Finally, presiding over closing argument was similar to presiding over jury selection, the “additional duty” at issue in Peretz v. United States, 501 U.S. 923 (1991).  Accordingly, neither Article III nor the Federal Magistrates Act precluded having a magistrate judge preside over closing argument.  Since this constitutional claim lacked merit, so too did the petitioner’s claim that trial counsel was ineffective for allowing a magistrate to preside over closing arguments without the petitioner’s personal consent.

Written by Keith Hilzendeger

September 2, 2008 at 9:37 am

Washington v.
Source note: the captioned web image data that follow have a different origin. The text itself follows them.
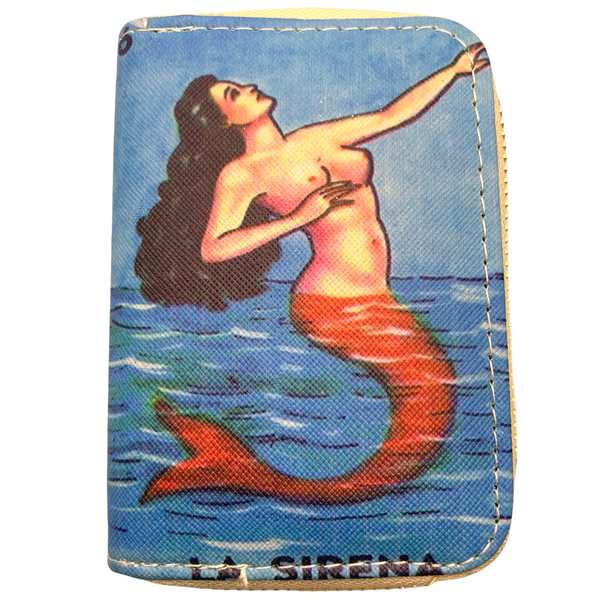 Mexican Loteria “La Sirena” Mini Wallet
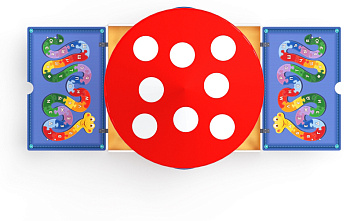 Песочница с крышкой средняя и навесом Грибок (Азбука) - ИО 5.01.10-05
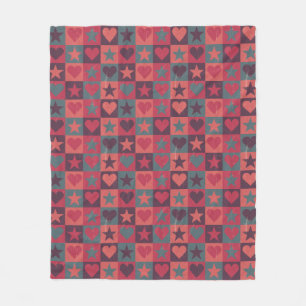 Couverture Polaire Coeurs et rose de profil sous convention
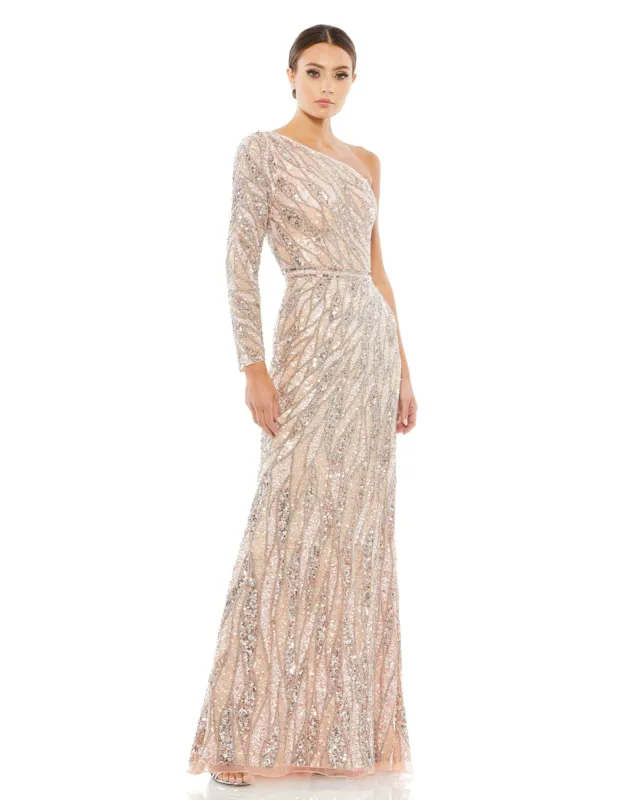 Embellished One Sleeve Gown w/ Sequin Belt sold by Mac Duggal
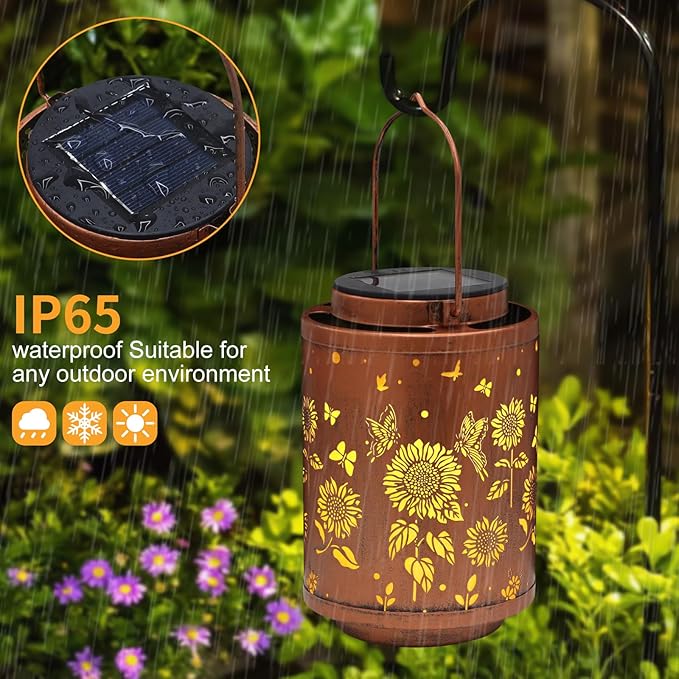 Solar Outdoor Hanging Waterproof Lantern Butterflies Garden Decor LED Light Solar Metal Lantern Gifts for Girl Women Solar Decoration for Patio Pathway Yard, Gold, T-DL-204-VerdiqueGarden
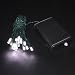 50 Waterproof Ice White LED Battery Operated Fairy Lights on Green Cable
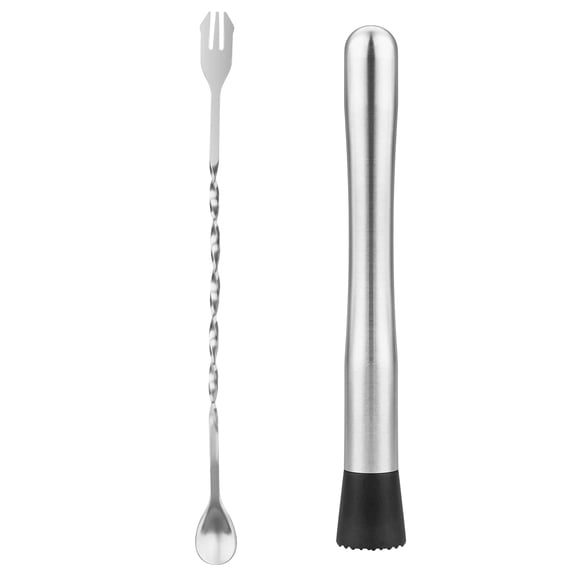 Professional Cocktail Muddler and Spoon, 10" Bar Acssories for Crushing I Mixing Mojitos, Durable Stainless Steel Stirrer, Silver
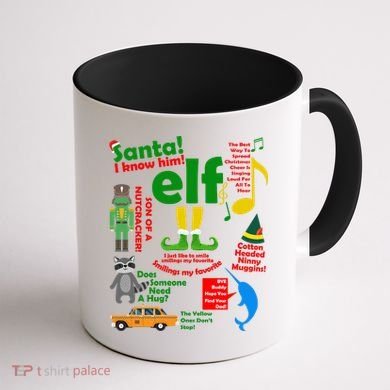 Funny Elf Santa Knows Him Christmas Coffee Mug back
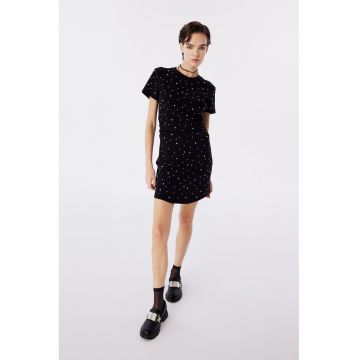 Rochie din amestec de bumbac cu strasuri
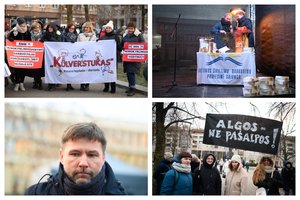 „Aš tavim tikiu, bet ar Seimas patikės?“: į mitingą susirinkę mokytojai atsinešė algalapius, juos nunešė politikams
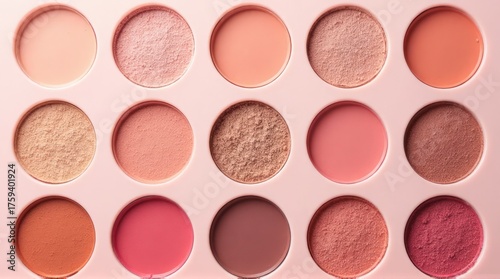 Warm Toned Eyeshadow Palette with Nude Pink and Brown Shades.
U.S. (CA7)

Washington v. U.S., No. 08-2787 (CA7) — The Seventh Circuit granted permission to file a delayed appeal, in the guise of ruling on an application for permission to file a second or successive 2255 motion.  In November 2005, the defendant was sentenced to 108 months in prison after pleading guilty to bank robbery.  His plea agreement contained a waiver of the right to appeal, which the defendant followed.  Instead, in April 2008 he filed a motion under Fed. R. Crim. P. 52(b) asking the court to recalculate his sentence in light of what he considered to be an erroneous application of the Guidelines.  The district court denied the motion, reasoning it was an improperly labeled 2255 motion, which he was improperly using as a substitute for an appeal.  But the Seventh Circuit reasoned that because the defendant was not seeking constitutional review of his sentence, the district court erred in characterizing his 52(b) motion as a 2255 motion.  Furthermore, the district court failed to warn the defendant that it was recharacterizing his 52(b) motion, as Castro v. United States, 540 U.S. 375 (2003), required it to do.  Accordingly, the Seventh Circuit construed the SOS application as a notice of appeal and returned it to the district court for processing.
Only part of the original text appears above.